DATA PROVIDED Block Start

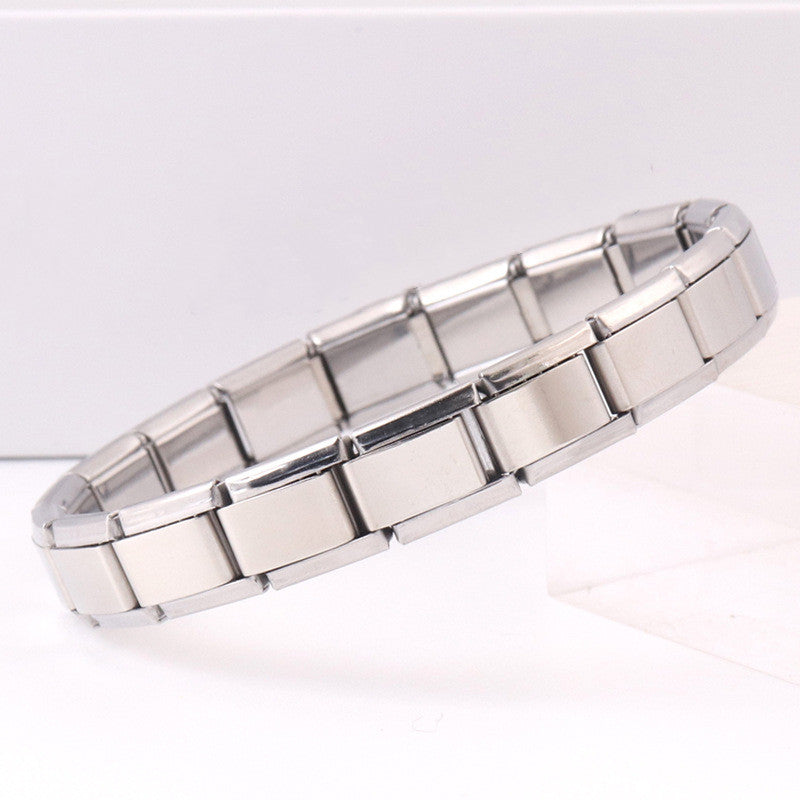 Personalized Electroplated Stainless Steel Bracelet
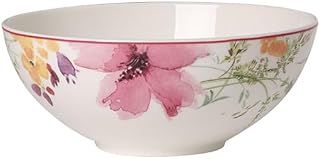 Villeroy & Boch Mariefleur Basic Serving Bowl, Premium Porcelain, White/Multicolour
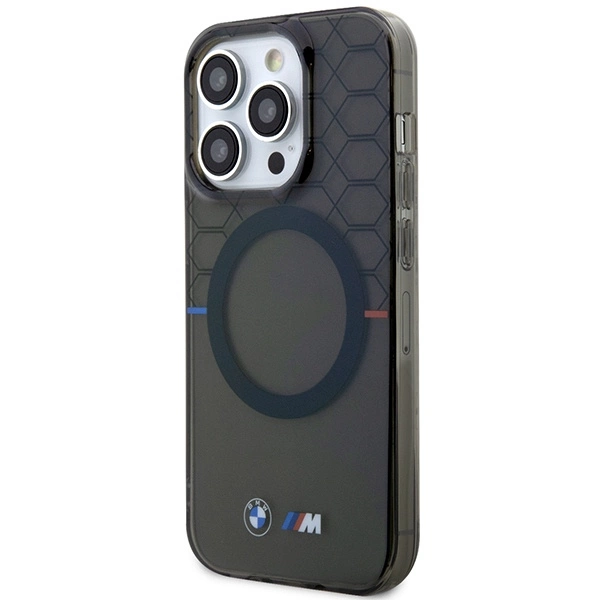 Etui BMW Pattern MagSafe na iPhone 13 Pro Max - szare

DATA PROVIDED Block End
DATA PROVIDED Block Start

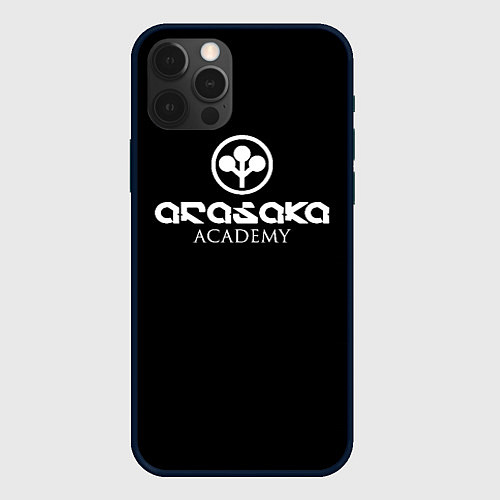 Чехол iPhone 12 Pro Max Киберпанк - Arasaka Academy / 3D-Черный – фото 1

DATA PROVIDED Block End

## PROBLEM
In the listing above, find the line containing "Personalized Electroplated Stainless" and the line containing "Etui BMW Pattern", then output those two lines and everything between them exactly as written, without the images.

## ANSWER SECTION
 Personalized Electroplated Stainless Steel Bracelet
 Villeroy & Boch Mariefleur Basic Serving Bowl, Premium Porcelain, White/Multicolour
 Etui BMW Pattern MagSafe na iPhone 13 Pro Max - szare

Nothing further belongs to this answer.